![]() |
| Dok, foto: Pemkab Bersama DISHUB Jombang Berangkatkan Ratusan Pemudik dalam Program Balik Gratis 2026, Wabup Tekankan Keselamatan dan Kepedulian Sosial. |
MSRI, JOMBANG – Pemerintah Kabupaten Jombang melalui Dinas Perhubungan (Dishub) kembali menunjukkan komitmennya dalam meningkatkan pelayanan publik, khususnya di sektor transportasi, dengan menggelar program arus balik gratis Lebaran 2026 rute Jombang–Jakarta pulang-pergi (PP) Kegiatan ini ditandai dengan pemberangkatan ratusan pemudik menuju ibu kota dengan armada bus yang telah disiapkan secara matang. Kamis (26/03/2026).
Sejak pagi hari, suasana di lokasi pemberangkatan tampak ramai namun tetap tertib. Para peserta arus balik terlihat antusias bersiap kembali ke Jakarta setelah merayakan Hari Raya Idul Fitri di kampung halaman. Petugas Dishub bersama aparat kepolisian dan unsur terkait tampak sigap mengatur jalannya proses keberangkatan, mulai dari registrasi ulang, pengecekan identitas penumpang, hingga pemeriksaan teknis kendaraan.
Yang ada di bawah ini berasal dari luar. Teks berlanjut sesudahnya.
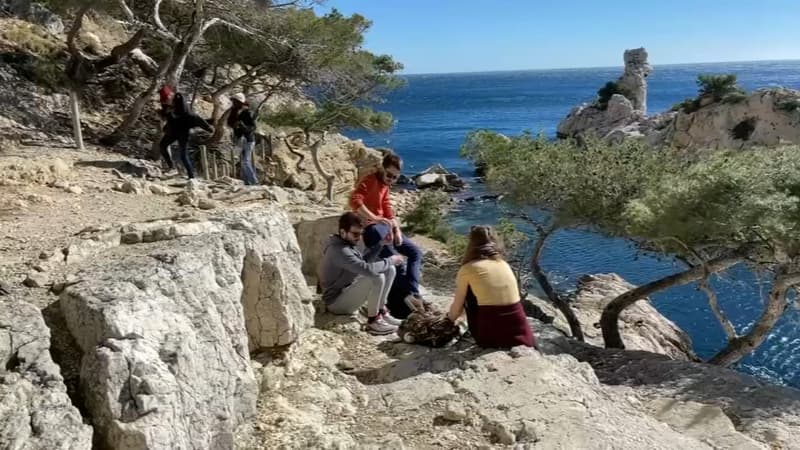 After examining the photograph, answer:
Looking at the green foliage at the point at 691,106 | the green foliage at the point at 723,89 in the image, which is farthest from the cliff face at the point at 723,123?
the green foliage at the point at 723,89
Sebanyak 6 armada bus disiapkan untuk mengangkut sekitar 300 peserta arus balik. Seluruh kendaraan dipastikan dalam kondisi laik jalan melalui proses ramp check yang ketat, mencakup pemeriksaan fisik kendaraan, kelengkapan qwadministrasi, serta kesiapan pengemudi. Langkah ini dilakukan guna menjamin keamanan dan kenyamanan penumpang selama perjalanan jarak jauh menuju Terminal Pulogebang, Jakarta.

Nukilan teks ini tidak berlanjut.